DR-SAC: Distributionally Robust Soft Actor-Critic for Reinforcement Learning under Uncertainty

2026-04-20 19:00 GMT · 3 days ago aimagpro.com

arXiv:2506.12622v2 Announce Type: replace
Abstract: Deep reinforcement learning (RL) has achieved remarkable success, yet its deployment in real-world scenarios is often limited by vulnerability to environmental uncertainties. Distributionally robust RL (DR-RL) algorithms have been proposed to resolve this challenge, but existing approaches are largely restricted to value-based methods in tabular settings. In this work, we introduce Distributionally Robust Soft Actor-Critic (DR-SAC), the first actor-critic based DR-RL algorithm for offline learning in continuous action spaces. DR-SAC maximizes the entropy-regularized rewards against the worst possible transition models within an KL-divergence constrained uncertainty set. We derive the distributionally robust version of the soft policy iteration with a convergence guarantee and incorporate a generative modeling approach to estimate the unknown nominal transition models.
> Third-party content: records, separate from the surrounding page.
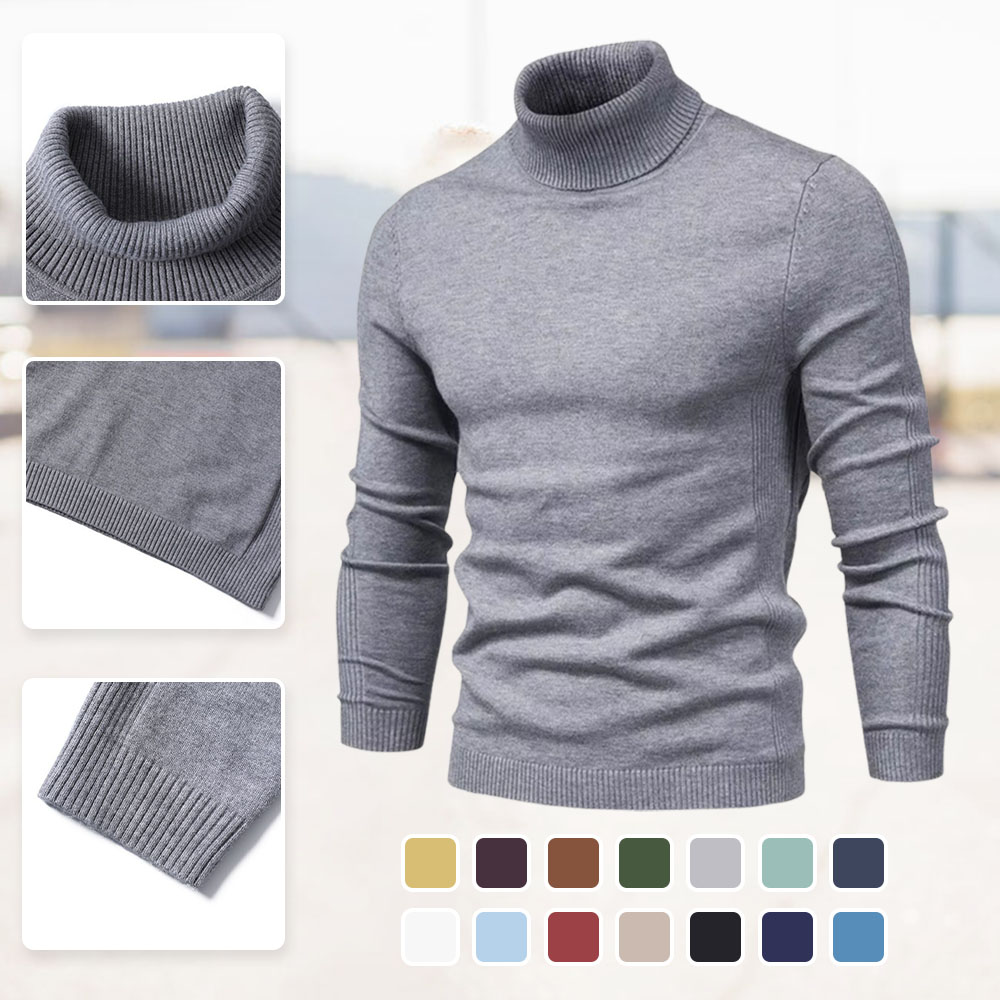 Rollkragenpullover für Herren im Herbst und Winter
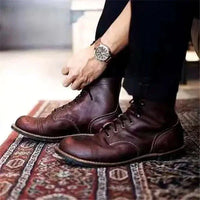 Jake | Vintage-Schuhe für Herren – Kaffee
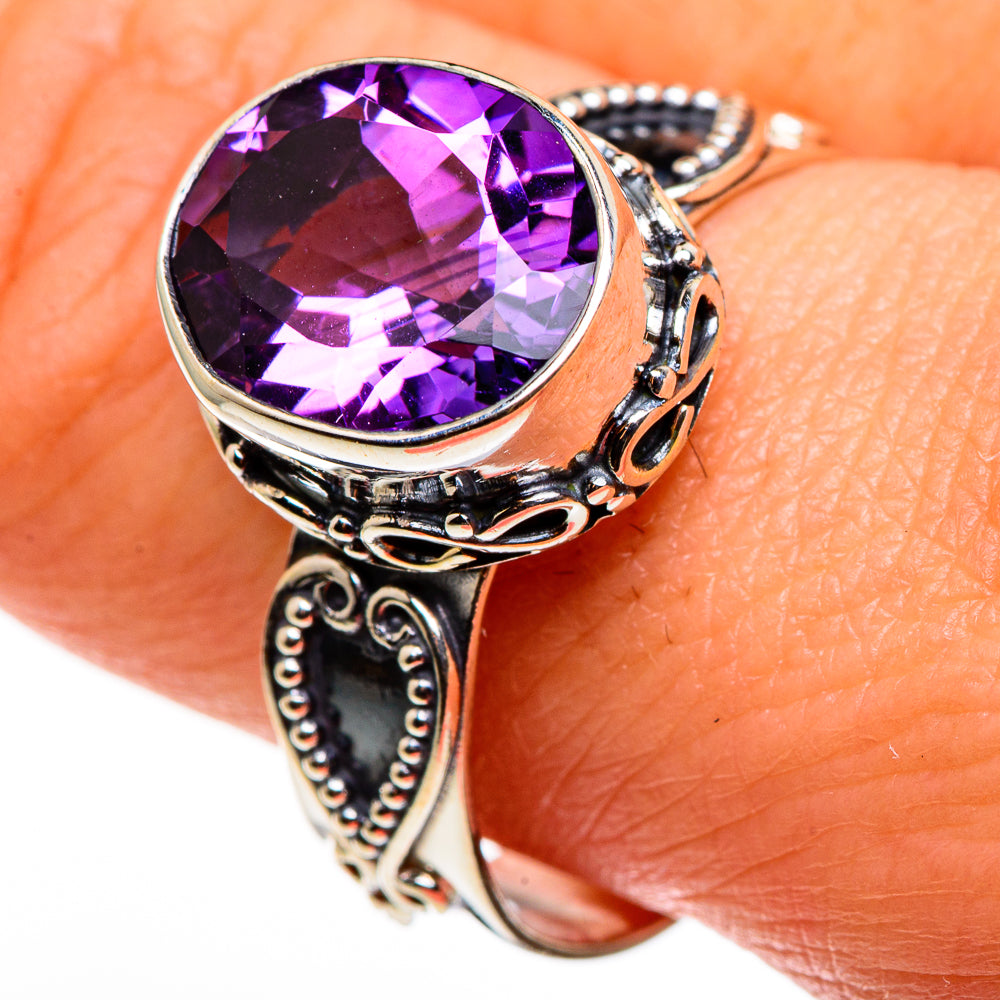 Amethyst Rings handcrafted by Ana Silver Co - RING85305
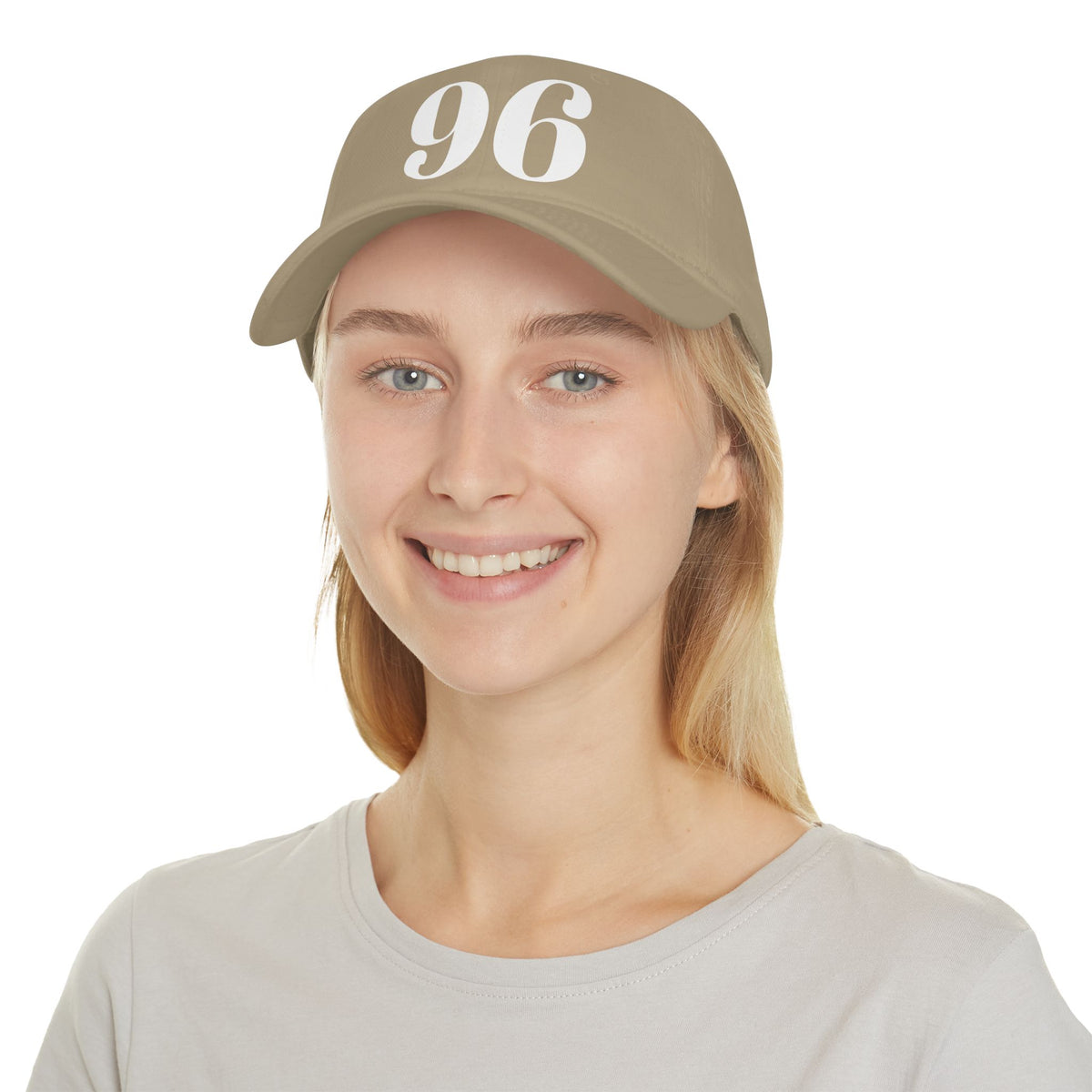 Vintage Red Baseball Cap with Bold '96' Design | Casual Sportswear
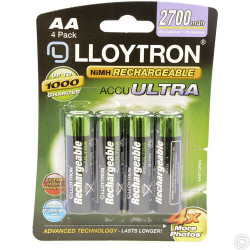 LLOYTRON AA BATT. 4s 2700MAH B1025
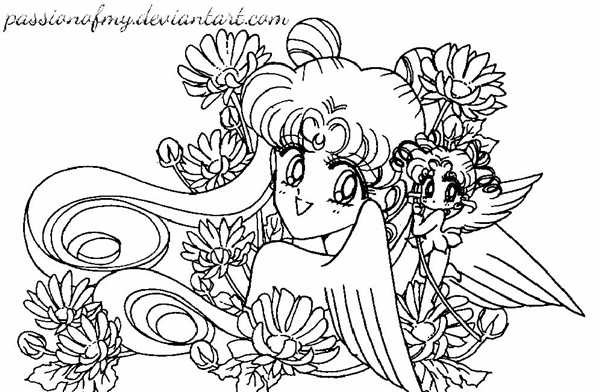 Sailor Moon раскраска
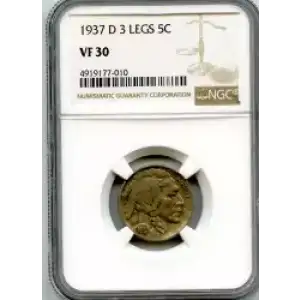 Nickel Five Cent Pieces-Indian Head or Buffalo (3)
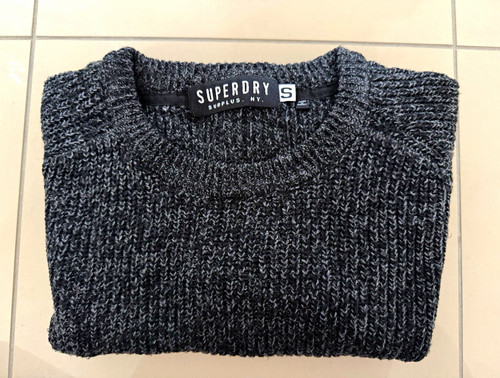 Superdry men grey knit - superdry, men’s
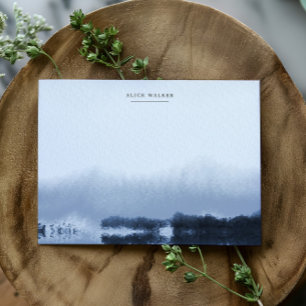 Monogramm-Karte für die Blaue Landschaft Mitteilungskarte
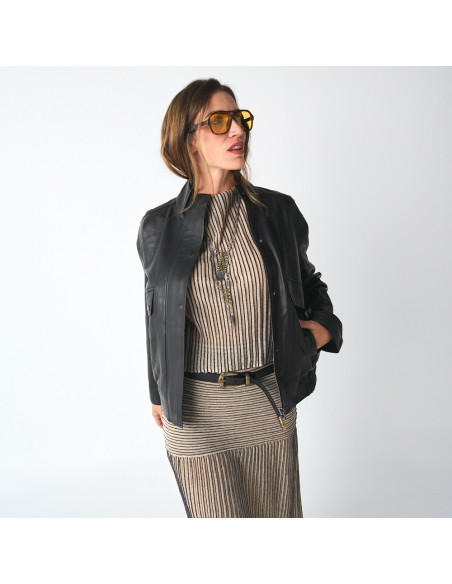 Giacca Bomber in Nappa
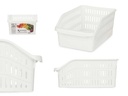 Organizador nevera blanco para mantener todo fresco y ordenado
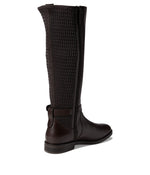 Cole Haan Cape Stretch Tall Boot Dark Chocolate Leather 9 B (M)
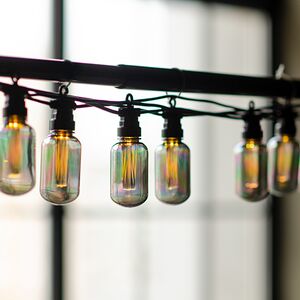 Гирлянда из лампочек Benzine Party Lights 10 м, 20 ламп, теплые белые LED, черный ПВХ, соединяемая, IP44 Winter Deco фото 5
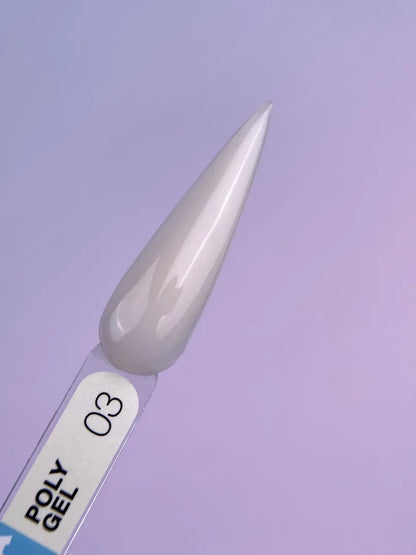 Lunamoon Poly Gel nr 3 30ml - applicazione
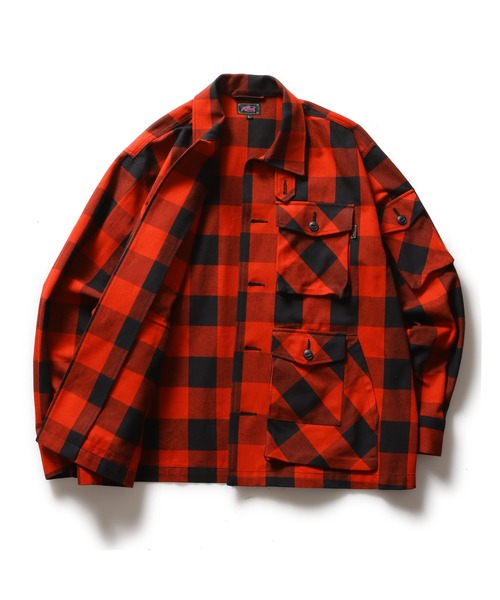 ROTAR(ローター)の「Buffalo Check Shirt Jacket(ミリタリージャケット・メンズ・グリーン/チャコールグレー/レッド・X-LARGE/LARGE/MEDIUM)」の14枚目の写真
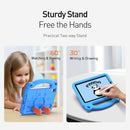 Panda iPad - Blue - كفر ايباد حماية عالية - مع مسكة + ستاند + ومكان للقلم - مقاوم للسوائل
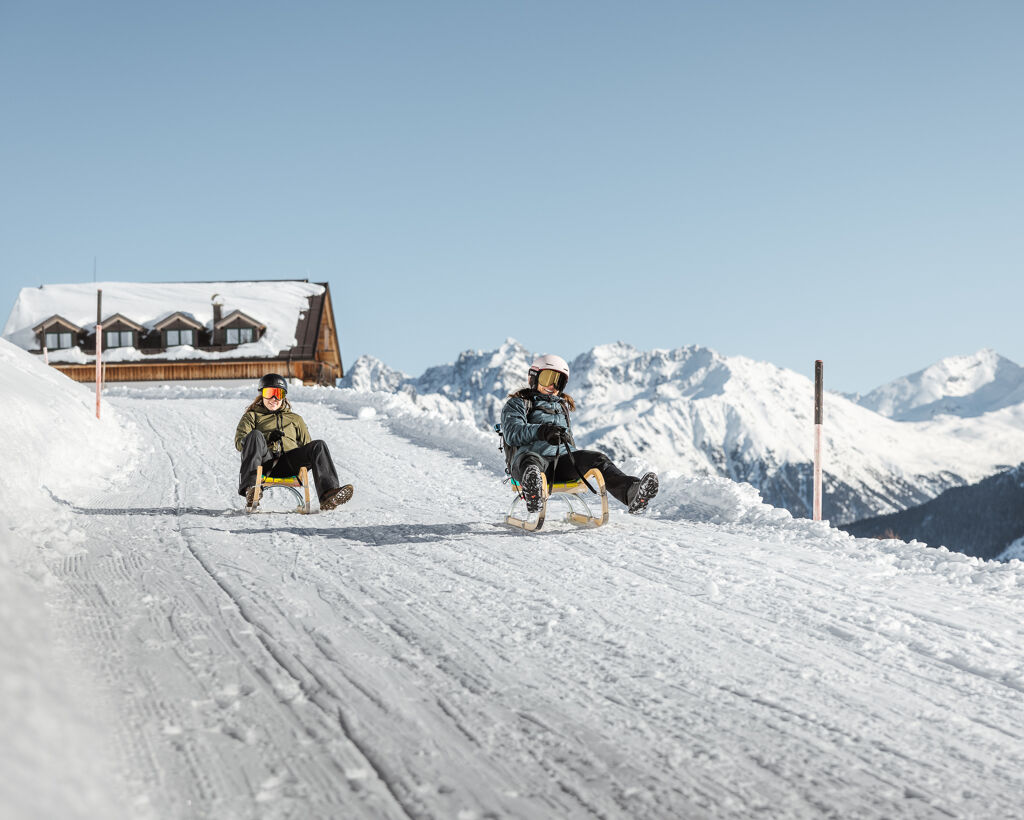 Rodelspaß in der Ferienregion TirolWest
Experiment results on five continuous RL tasks demonstrate our algorithm achieves up to 9.8 times higher average reward than the SAC baseline under common perturbations. Additionally, DR-SAC significantly improves computing efficiency and applicability to large-scale problems compared with existing DR-RL algorithms. Code is publicly available at github.com/Lemutisme/DR-SAC.